Hold your horsepower! The average price for a gallon of gas in California surged past the $6 mark Thursday, with drivers in San Mateo, San Francisco and Marin counties seeing some of the most painful spikes in the Bay Area.
The state’s average price of $6.03 per gallon represented a 19-cent jump over Tuesday, marking the first time since last fall that the cost has topped $6, according to AAA data.
San Mateo’s average price jumped in two days from $5.67 to $6.04 a gallon, while San Francisco’s leaped from $5.68 to $6.03. Marin’s cost ballooned to $6.07 from $5.69.
Dawn Cusulos, who commutes most days from her home in San Bruno to San Francisco, said the cost of filling up her teal Ford Bronco has spiked from $60 to $80. “You don’t want to drive as much,” Cusulos said at a San Francisco gas station charging $5.79 for a gallon of regular. “But I kind of have to. I’m a Realtor, so I just have to show (properties) when I have to.”
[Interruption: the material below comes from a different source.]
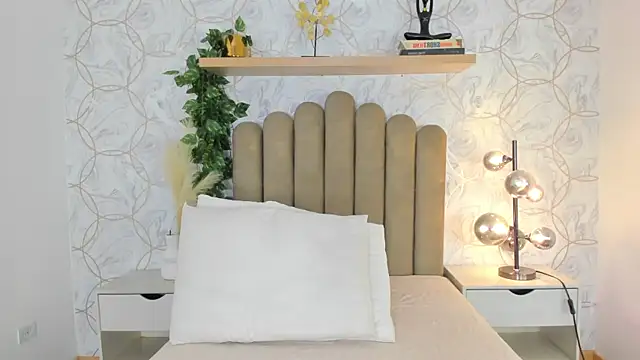 Roma  love online show from October 27, 12:09 pm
Other Bay Area counties may not have seen prices exceed $6 on average Thursday, but they shared the pain of the abrupt state-wide boost. Santa Clara’s average price soared to $5.89 on Thursday from $5.58 on Tuesday. Alameda hit $5.90 from $5.63, while Contra Costa surged to $5.92 from $5.62.
The financial pain of filling up a tank isn’t lost on elected lawmakers in Sacramento.
Gov. Gavin Newsom this week directed state regulators to start developing penalties to combat purported price-gouging by oil refiners and ordered state air-quality officials to try to boost gas supplies and lower prices by allowing earlier sales of more-polluting but simpler-to-produce winter-formula gas.
“Oil companies are ripping you off, and we’re going to get to the bottom of it,” he said. “Big Oil can’t hide anymore.”
John Treanor, a AAA spokesman, described the Bay Area’s 30-cent jump in prices in 48 hours as “an unusual increase.”
Across much of the U.S., gas prices are dropping as is usual for this time of year, when winter-formula gas blends start hitting the market and demand slides after the summer driving season, Treanor said. California sees cheaper gas around this time, but high global crude oil prices and maintenance of California refineries are standing in the way, Treanor said.
One regulator, the California Energy Commission’s Division of Petroleum Market Oversight in a letter to Newsom last week on spiking gas prices blamed global crude costs, refinery maintenance that refiners “did not adequately prepare for by increasing inventories and imports,” and an “unusual spot market transaction” Sept. 15 that drove up gas prices nearly 50 cents a gallon.
Kevin Slagle, spokesman for the Western States Petroleum Association, said maintenance is “vitally important for the safety of employees and the community and the efficiency of producing the fuels, and planned carefully in advance.” That planning includes “the consideration of supplies,” Slagle added.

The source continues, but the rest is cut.